Aside from water, malted grain is the most important ingredient in brewing. But increasingly, brewers don’t want malt to just give a beer its core taste — they want it to reflect a sense of place and community. In North Carolina and the Southeast, malthouses like Epiphany are teaming up with farmers and brewers to create a “Southern beer economy” with a focus on malted grain and those who farm it.
This culture-shift towards local ingredients is providing a new opportunity and revenue source for grain farmers. Small farms continue to change under growing financial pressure, namely from low profit margins and international competition. But North Carolina’s growing craft beer industry, which created a $2.6 billion economic impact in 2018 according to the Brewers Association, is teaming up with local farmers to grow fresh, local ingredients for their beers.

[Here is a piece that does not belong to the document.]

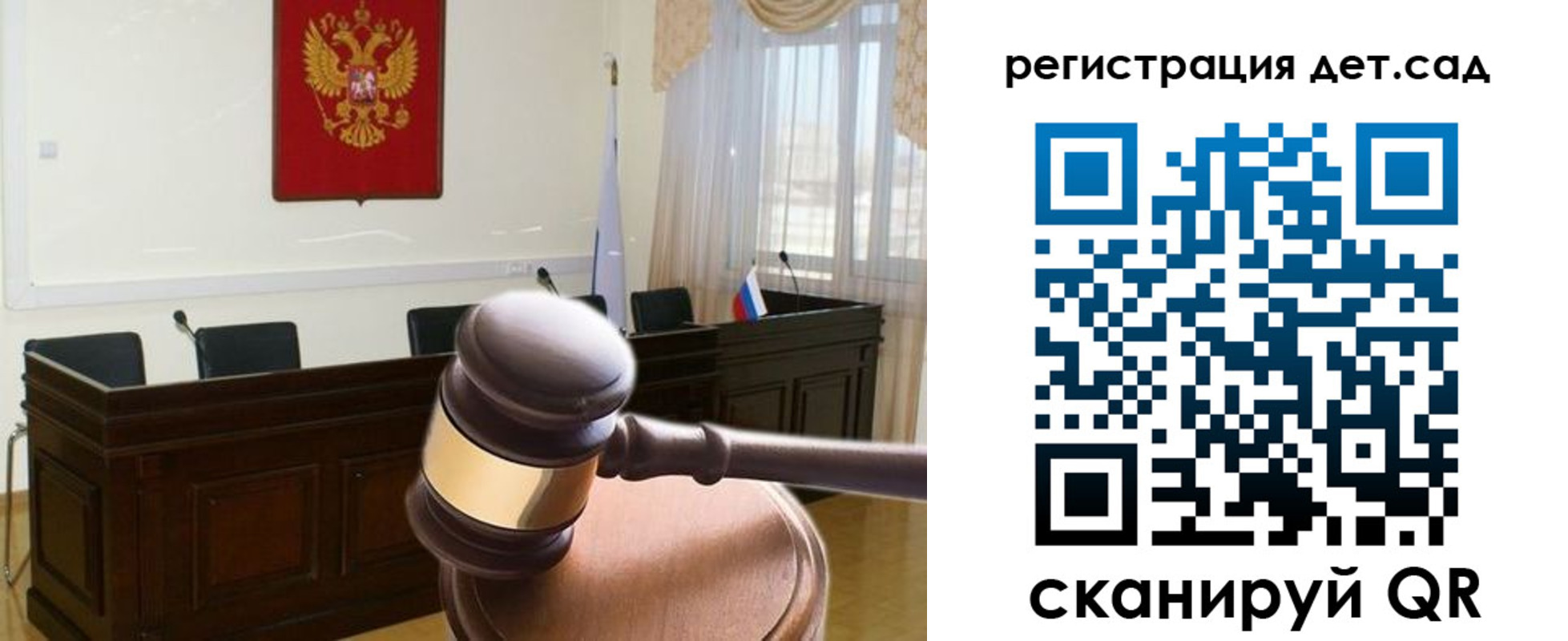 временная регистрация надежно в Красноармейске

“It can’t be overstated how important it is,” Tim Kuhls, a farmer with family-owned Perry Farms, says. Perry Farms is located in Wake County, a populous area that includes Raleigh, the state capital. He grows malt-quality barley on the traditional tobacco farm, which his wife’s family has tended for over a century.
“To make it today, as a modern farm in Wake County, it’s not any one big thing that you do — it’s a lot of little things that add up. So if you can be 10% better every year, or find a way to grow 10%, that’s how you’re going to make it,” Kuhls says. “So while it’s just a small chunk of what we do, it’s going to be the difference for us.”
Epiphany Craft Malt, which buys grain from small farmers like Kuhls and processes it into brewing-ready ingredients, is a key part of this infrastructure that links farmers to craft breweries and consumers. Without malthouses, it would be difficult if not impossible for breweries to use local grain. Epiphany estimates that it keeps $1.8 million in the Southeastern economy and annually adds $442,000 in revenue to local farmers and the community. It also estimates that farmers who work with its maltsters utilize 1,200 acres of farmland for malting-quality grain. And Epiphany isn’t the only one — there are two other regional malthouses in the state.
“All of that money stays in the region,” Sebastian Wolfrum, the owner of Epiphany Craft Malt, says. “So the money that people spend stays at the brewery, in the community, and with the farmers.”
Although malting barley is harder to grow than feed barley, it is more cost effective and has a greater return on investment. There is also a low barrier to entry for farmers in the Southeast, as much of their equipment and land is already well-suited to winter barley — a type of barley that also has the added benefit of being less susceptible to climate change than other varieties grown in the north.
“Whether we make it or not is how many little things we can put together to carry on,” Kuhls says. “It’s less for me and more for my three boys. If farming is something they want to do, it’ll be here for them.”